Alle origini, infatti, troviamo il verbo sustinēre, un composto di sub e tenere (CORTELAZZO, M., ZOLLI, P., 1999) che arricchisce in modo significativo la nostra analisi e ci avvicina sempre di più alla comprensione dei concetti in questione. I valori delle parole e la loro forza ‘comunicativa’ dipendono dalle occorrenze e, di conseguenza, dall’uso funzionale che se ne fa. A tal proposito, seguendo le indicazioni fraseologiche di Campanini e Carboni (1995), siamo andati alla ricerca di quelle fonti in cui si attesta un certo uso di sustinēre. In Cicerone, leggiamo:

Olympiae per stadium ingressus esse Milo dicitur, cum umeris sustineret bovem. Utrum igitur has corporis an Pythagorae tibi malis vires ingeni dari? Si dice che Milone entrò per lo stadio ad Olimpia reggendo (portando) un bue sulle spalle. Pertanto, tu preferisci che ti siano date queste forze del corpo o le forze dell’ingegno di Pitagora? (Cato maior de senectute 10, 33, trad. nostra).

Est igitur proprium munus magistratus intellegere se gerere personam civitatis debereque eius dignitatem et decus sustinere. È dunque compito proprio del magistrato comprendere che egli rappresenta lo Stato e che deve perciò sostenerne la dignità e il decoro (De officiis I, 124, trad. nostra).

Neminem vestrum praeterit, iudices, omnem utilitatem opportunitatemque provinciae Siciliae, quae ad commoda populi Romani adiuncta sit, consistere in re frumentaria maxime; nam ceteris rebus adiuvamur ex illa provincia, hac vero alimur ac sustinemur. O giudici, a nessuno di voi sfugge che tutta l’utilità e la convenienza della provincia di Sicilia, che è stata annessa a vantaggio del popolo romano, consiste soprattutto nella fornitura di frumento; infatti, con altri beni siamo aiutati da quella provincia (ci gioviamo di quella provincia), (ma) senza dubbio con questa siamo nutriti e mantenuti (In Verrem III, 5, trad. nostra).

Nelle tre occorrenze riportate, che naturalmente non sono le uniche rilevate nella letteratura latina, si può finalmente abbracciare la complessità di un fenomeno linguistico attraverso la sua estensione semantica.
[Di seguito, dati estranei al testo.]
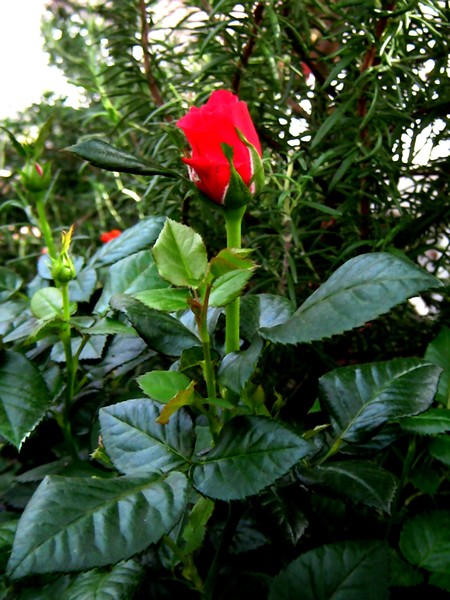 The Red Rose
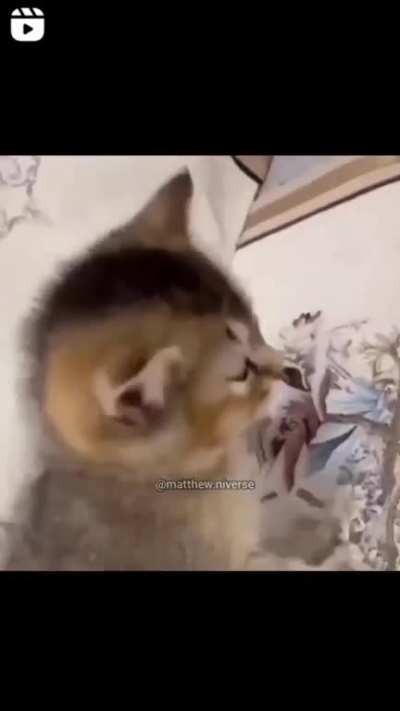 Xd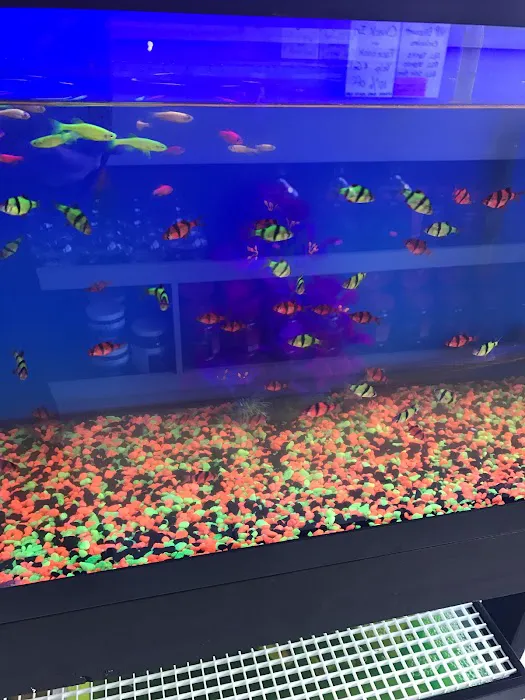 1st Class Aquarium Picture 5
Per denotazione, infatti, dobbiamo designare tre categorie ciceroniane: la forza, la morale, la sopravvivenza; e nessuna di esse sembra distante dalla scelta del 1987. Pertanto, ciò che, in prima istanza, sembrava un ambiguo e vago gioco di parole, a ben riflettere e alla luce di certe acquisizioni storico-linguistiche, diventa una definizione pertinente e sagacemente motivata.
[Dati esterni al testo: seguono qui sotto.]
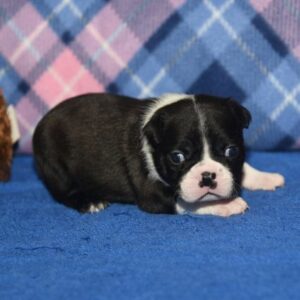 NIALL …. AVAILABLE….$1,500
Se poi ci dedichiamo a una traduzione elementare dei ‘nostri’ termini nelle principali lingue romanze, traduzione che chiunque può ottenere, in questo caso, anche tramite un grezzo traduttore, ci rendiamo conto che la scelta dei redattori del rapporto Brundtland equivale all’assunzione di un compito programmatico decisivo e irreversibile. In francese, sostenibilità e sostenibile possono rendersi, rispettivamente, con durabilité e durable: non a caso, durabilité environnemantale, sostenibilità ambientale. In rumeno, con durabilitate e durabil, mentre, in spagnolo, con sustentabilidad e sostenible. In sostanza, di là dall’approfondimento filologico, che sarebbe richiesto per questa comparazione, anche chi non è esperto di linguistica romanza, può rilevare, in modo superficiale, la prossimità grafica e fonetica delle parole. Qui, ci limitiamo semplicemente – si badi bene! – a stimolare l’apertura del campo percettivo del lettore. L’intero corpus verbale di “ciò che è sostenibile” implica, dunque, anche la durevolezza, l’efficace durata dell’opera, che si traduce in un’opportunità estesa sia a chi ‘agisce’ sia alle generazioni a venire.

Le voci inglesi, cui giungiamo ora non per trascuratezza, bensì per coerenza metodologica, non si discostano affatto dalla glossa fin qui trattata. Secondo il Collins (1995), sustainable è, ancora una volta, ciò che può essere sostenuto; la qual cosa sembra non aggiungere né togliere alcunché alle riflessioni fatte. Se, tuttavia, ampliamo l’indagine mediante il Cambridge Dictionary (1995), accediamo a un’utile e determinante fraseologia: “able to continue without harming the environment” (in grado di continuare senza danneggiare l’ambiente) e “able to continue for a long period” (in grado di continuare per un lungo periodo). In entrambi i casi, il segmento semantico forte ed essenziale è quello della continuità, in linea semantica con la sostenibilità dell’Europa latina.

Un’eventuale incursione nella lingua greca ci permetterebbe di recuperare anche i caratteri della completezza perché i greci ‘antichi’ erano addirittura più scrupolosi dei latini e non si accontentavano di un solo termine per esprimere sostenere: στηρίζω (sterìzo, mi tengo dritto) βοητέω (boetèo, alzo su colonne) σῴζω (sòzo, custodisco, salvo) τρέφω (trèpho, nutro, mantengo) sono solamente alcune delle occorrenze, riscontrate in Omero (IL., 21, 242), Esiodo (TH., 779),  Senofonte (HELL., 1, 6, 7) et al. e con le quali possiamo risalire all’uso di sostenibilità. Non andiamo oltre in tal senso perché saremmo costretti a istruire un diverso studio dell’argomento.

Siamo sempre più capaci, però, di sfruttare appieno l’eventuale pungolo dei detrattori o il genuino impulso critico d’un qualsivoglia lettore circa l’applicazione dell’aggettivo sostenibile alla grammatica. In realtà, la risposta è già contenuta nella ricostruzione che è stata fatta. Se la lingua è la rappresentazione coerente d’un’opera, allora essa, in ogni propria componente, ‘dichiara’ sempre la compartecipazione e la coesistenza dei parlanti. La lingua è il racconto e, in parte, il resoconto dell’evoluzione di un popolo. L’Europa che s’è intravista, infatti, è la Romània, l’Europa latina, un’area linguistica unitaria entro la quale, oggi più che mai, comprendiamo il dovere della congruenza e della pertinenza. In altri termini, in specie nel medium digitale, dove già la semplice presenza può mutarsi in equivoco, errore o fake, ogni asserzione dev’essere continuamente ripensata e, se necessario, ‘sovrascritta’.